Another query on behalf of my friends family. After a fall in 2013, the grandmother has been in a care home local to one of her daughters. She owns her home which is inhabited by her granddaughter and should be classed as disregarded due to the granddaughter being disabled. Her savings have dropped below the threshold now and they are trying to sort the LA funding the care. The concern is is there any likelihood of them trying to move her to a different care home. She is settled there and happy. The place is I believe around 650 a week and actually very cheap compared to others looked at. Any clues?
The local authority is unlikely to pay that amount per week, so there are two options:
One, not-out-of-the-question option is that her care home may well agree to accept the 'expected to pay' rate, which is the maximum weekly amount that the LA will provide (the home will very likely have many other residents on that rate).
OR the care home and LA will say that the family or another 3rd party tops up the difference each week. The regulations are changing about this (so that that resident can pay the top up themselves), but not until April 2016. Maybe, if there is a large family, they could share the top-up costs for that maximum 12 months before she would be allowed to pay herself, if she could. But it could be as much as £5k a year or more, so it's not a trivial expense.

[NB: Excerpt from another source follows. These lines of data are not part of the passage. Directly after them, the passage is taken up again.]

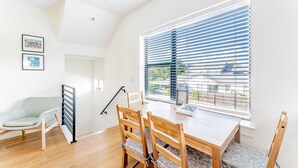 A dining area with a wooden table and chairs, a window with blinds, and a view of the outside.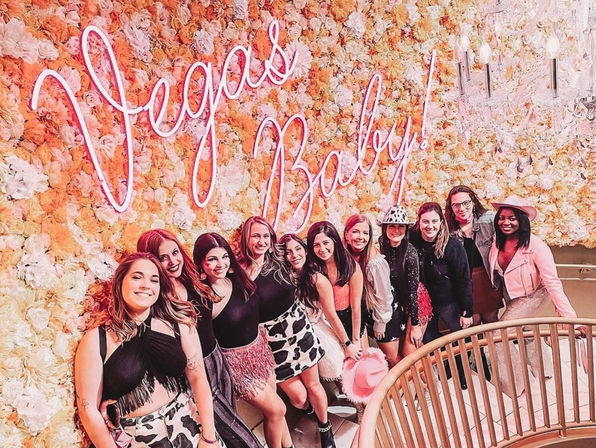 Smiling group of women posing on a curved staircase in front of a peach-and-white floral wall with a neon "Vegas Baby!" sign, wearing festive outfits, cow-print skirts and pink cowboy hats for a girls' night out.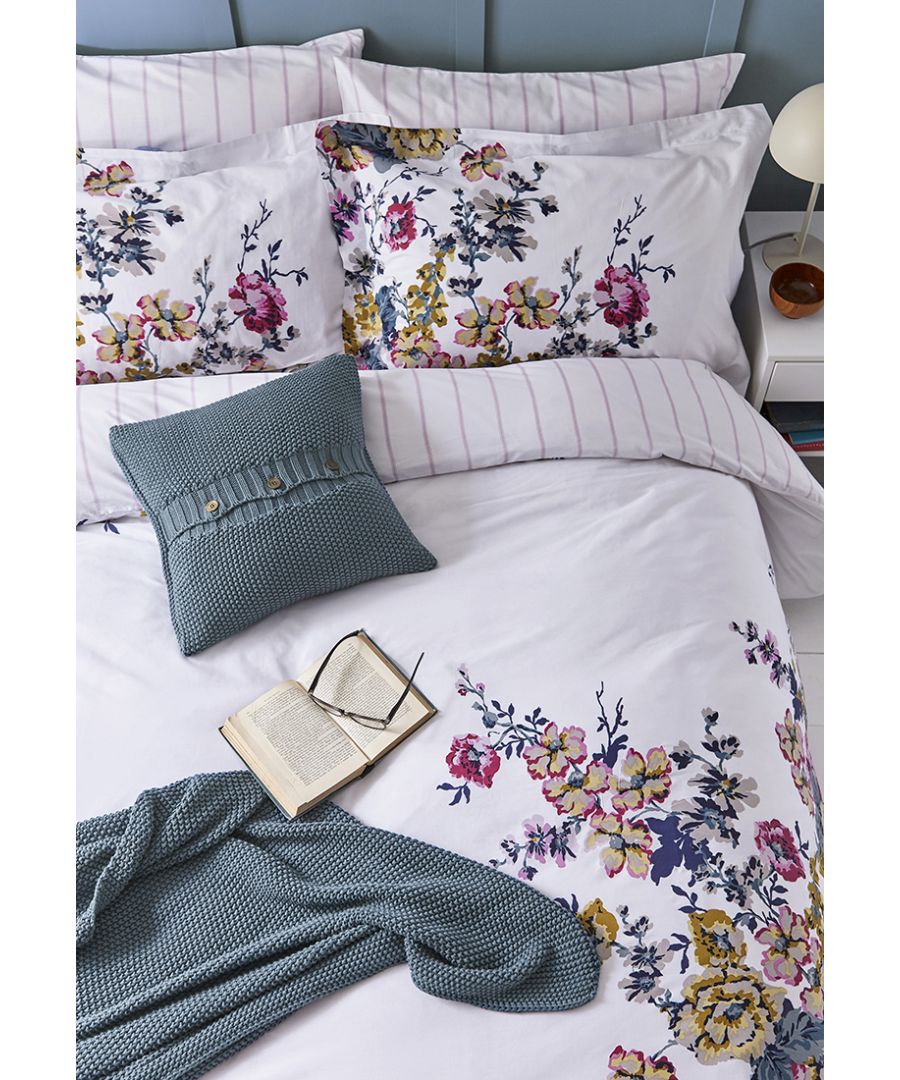 You can always rely on a traditional Joules floral to brighten a bedroom (and your day!) This duvet set is adorned with a colourful hand-drawn print set against a creme coloured background,  while its reverse is a welcome contrast of pink vertical stripes. Each set comes with two matching Oxford pillowcases (single sets come with one) and promise a cosy night's sleep thanks to the soft cotton and 180 thread count.  BCI Cotton, Made in Pakistan.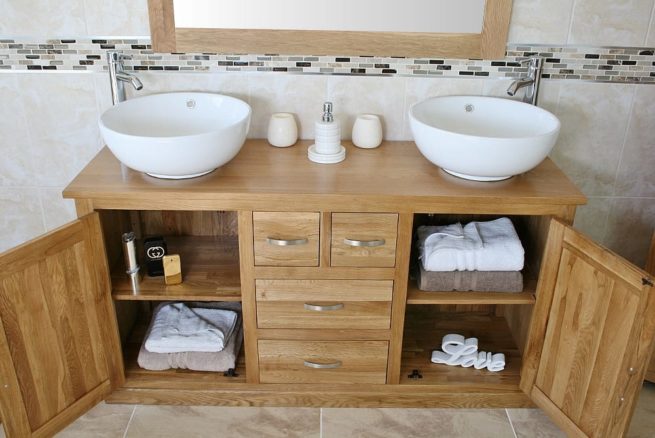 Open Drawers on Large Oak Top Vanity Unit with Two White Ceramic Round Basins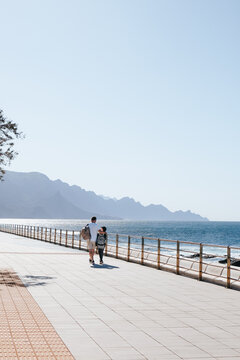 Father and child walking along seaside promenade with ocean and mount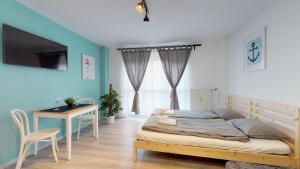 - une chambre avec un lit, un bureau et une télévision dans l'établissement Studio steps from Nivy & Main Bus Station, à Bratislava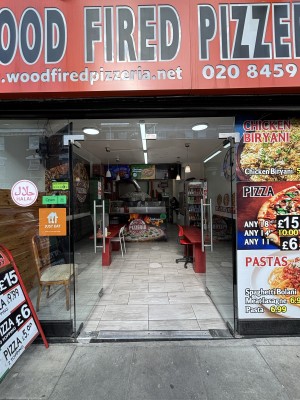Glass double doors with metal door handles in the centre. Glass walls along the front of the venue, advertising on the right wall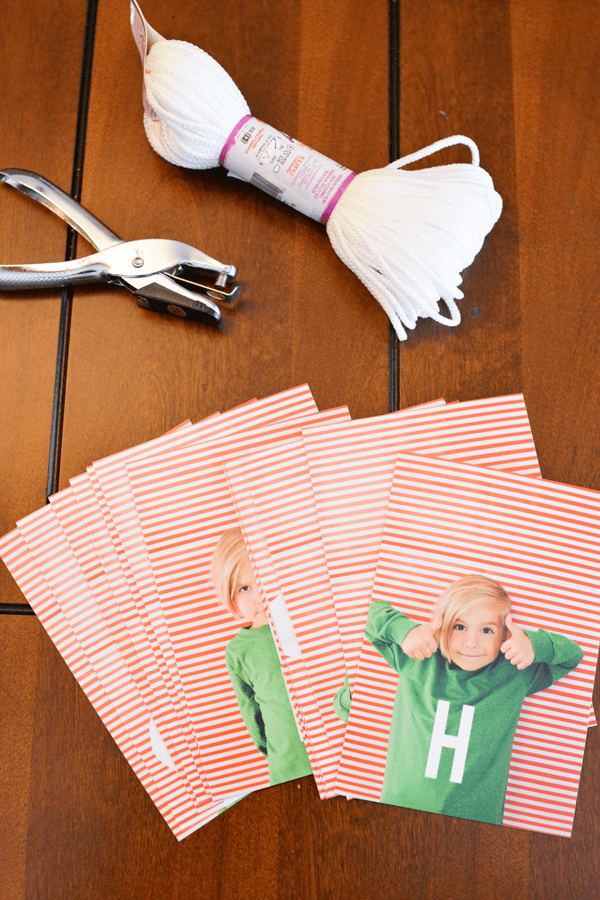 Printed photos on a table next to string and a hole punch. 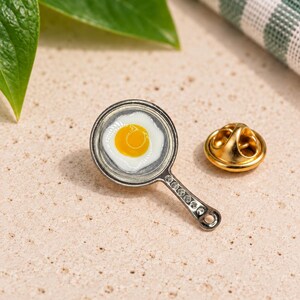 May include: A silver-toned metal lapel pin shaped like a small frying pan containing a fried egg with a bright yellow yolk and white edges. The handle of the pan features a row of small, clear, circular accents. A gold-toned metal clutch back is included.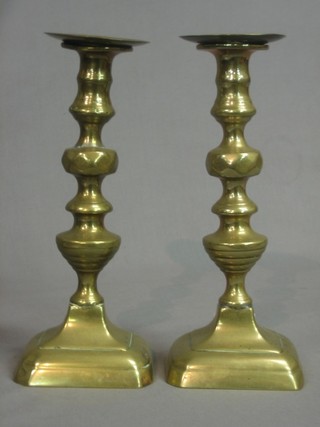 A pair of 19th Century brass candlesticks with detachable sconces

If neither of these is an option then the LA will supply the family with a list of other care homes that cost only their 'expected to pay' rate. If they can demonstrate that none can offer the care that she needs and currently receives, there may be some room to negotiate, but it is a very long shot.
Good luck
Daze
Another, slightly grisly tip (I am so sorry) is that she pay for her funeral now so that the LA will require her to contribute less of her income/capital towards her care fees.